### [Your goal]
From the line containing "Dozownik do ciasta z miarą 900ml - 18cm" down to the final line of the entries below, quote every line verbatim. Exclude pictures.
:: Records for this task ::
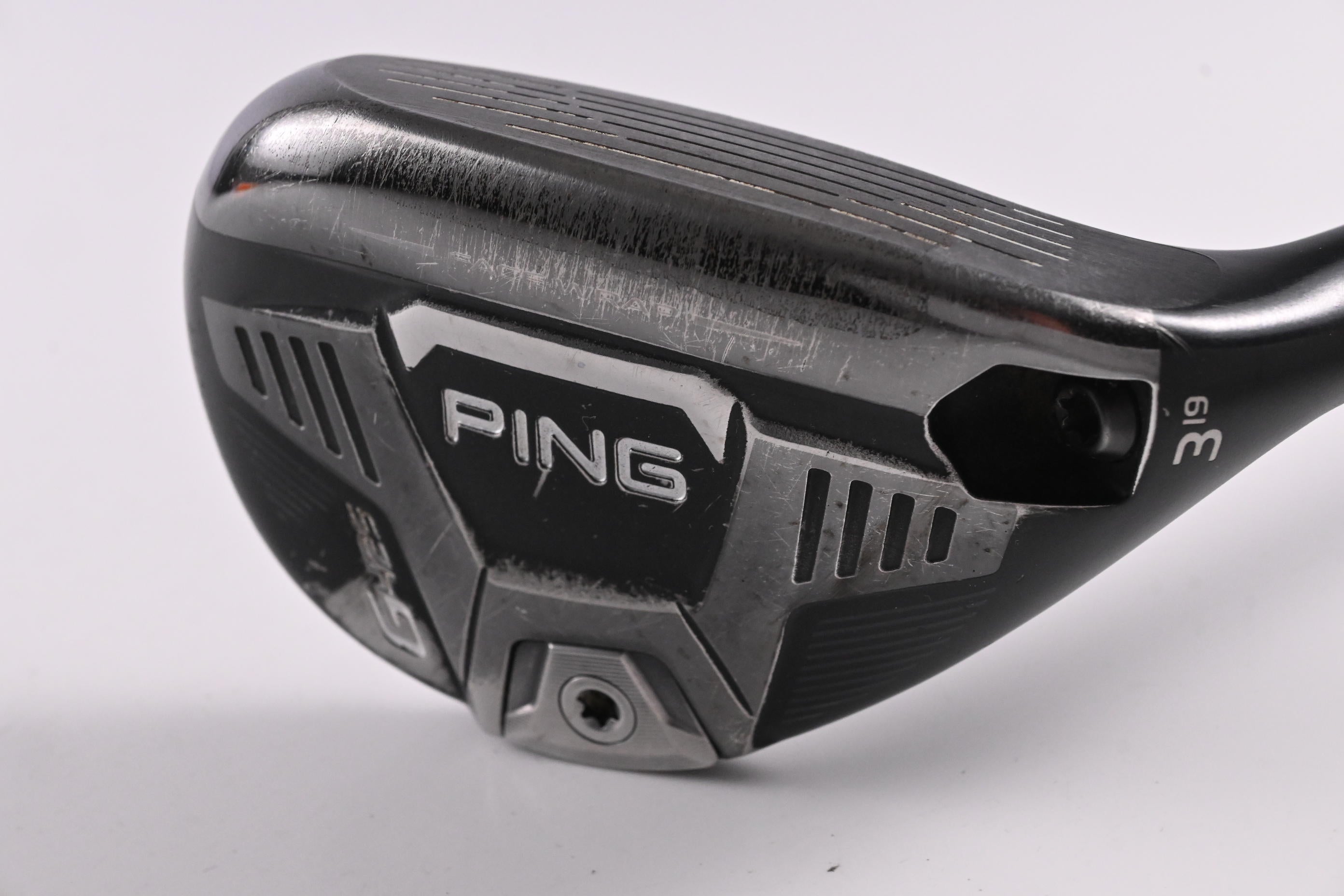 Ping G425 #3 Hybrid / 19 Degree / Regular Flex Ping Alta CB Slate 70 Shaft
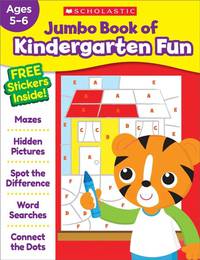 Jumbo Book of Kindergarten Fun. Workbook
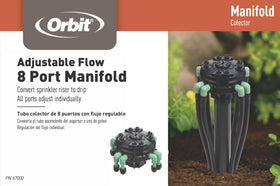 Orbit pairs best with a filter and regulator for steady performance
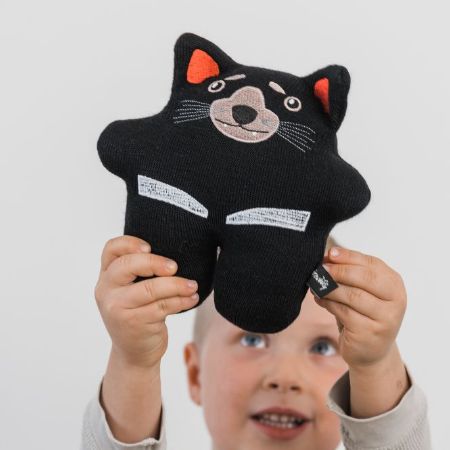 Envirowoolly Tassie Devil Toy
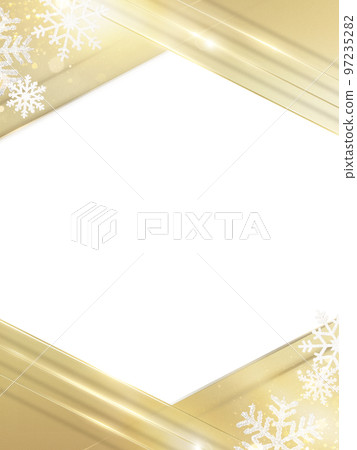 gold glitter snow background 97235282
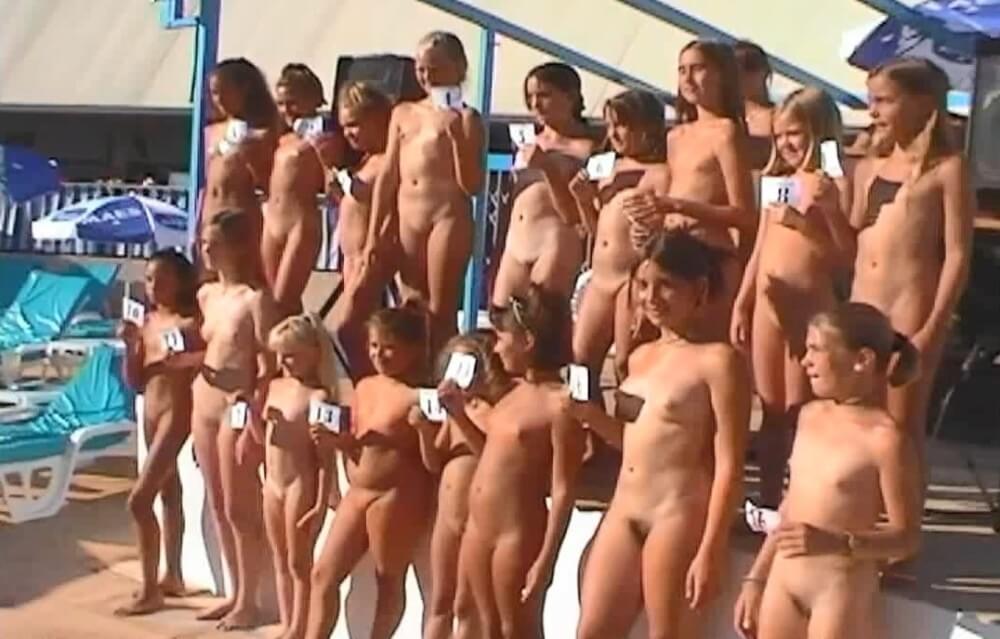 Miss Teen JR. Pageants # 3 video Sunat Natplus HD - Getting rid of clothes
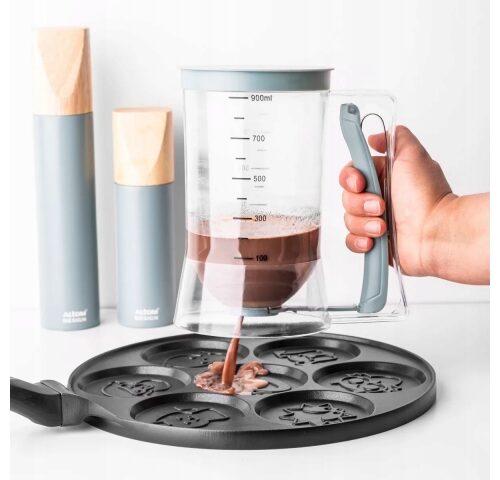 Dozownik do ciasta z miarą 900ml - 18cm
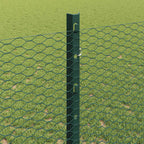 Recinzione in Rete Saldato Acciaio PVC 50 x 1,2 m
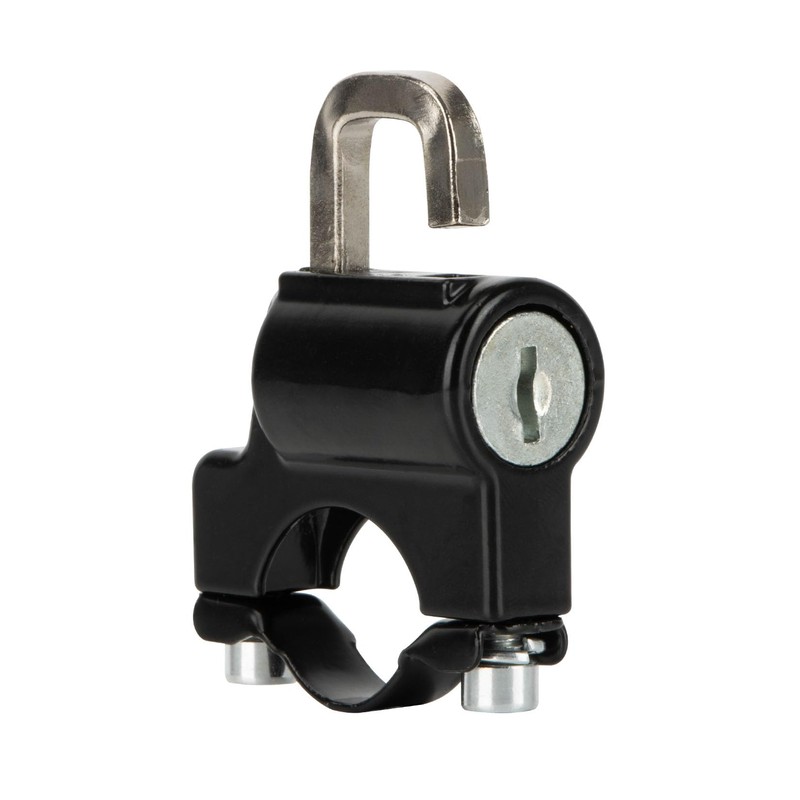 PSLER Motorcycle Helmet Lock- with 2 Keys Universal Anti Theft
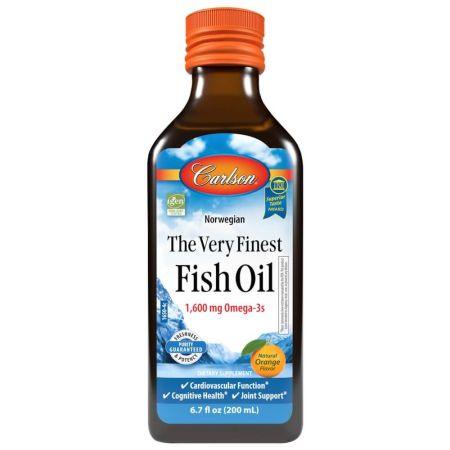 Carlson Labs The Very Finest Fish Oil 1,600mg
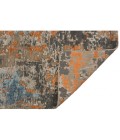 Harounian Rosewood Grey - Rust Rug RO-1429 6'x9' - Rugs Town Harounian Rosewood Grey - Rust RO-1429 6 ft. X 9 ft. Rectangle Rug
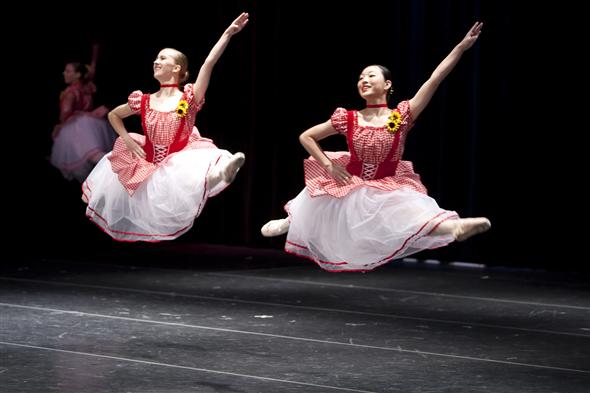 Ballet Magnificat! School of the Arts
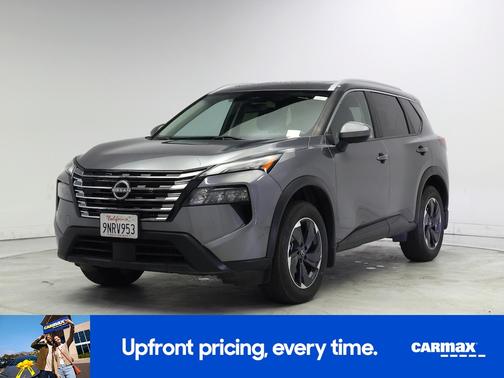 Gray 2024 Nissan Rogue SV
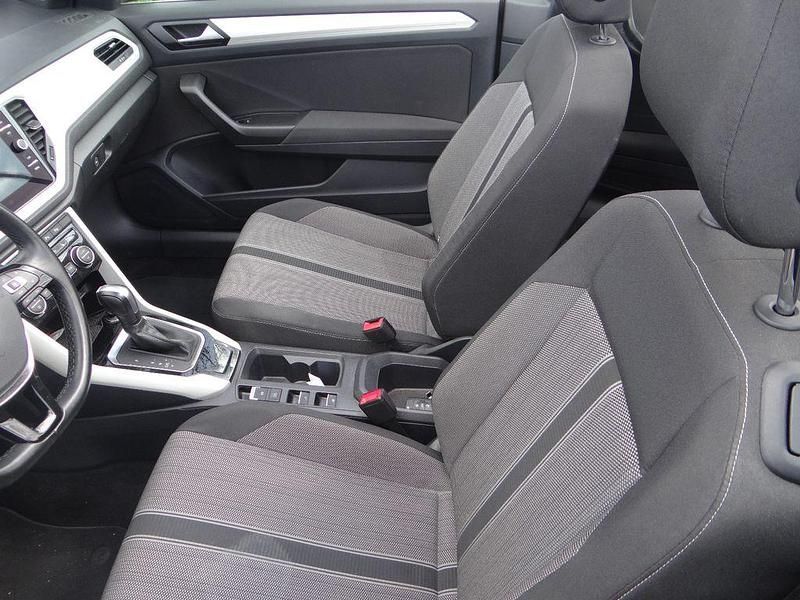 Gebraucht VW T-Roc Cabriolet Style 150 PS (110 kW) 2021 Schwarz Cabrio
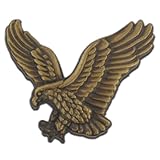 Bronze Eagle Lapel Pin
:::
### [Task output]
 Dozownik do ciasta z miarą 900ml - 18cm
 Recinzione in Rete Saldato Acciaio PVC 50 x 1,2 m
 PSLER Motorcycle Helmet Lock- with 2 Keys Universal Anti Theft
 Carlson Labs The Very Finest Fish Oil 1,600mg
 Harounian Rosewood Grey - Rust Rug RO-1429 6'x9' - Rugs Town Harounian Rosewood Grey - Rust RO-1429 6 ft. X 9 ft. Rectangle Rug
 Ballet Magnificat! School of the Arts
 Gray 2024 Nissan Rogue SV
 Gebraucht VW T-Roc Cabriolet Style 150 PS (110 kW) 2021 Schwarz Cabrio
 Bronze Eagle Lapel Pin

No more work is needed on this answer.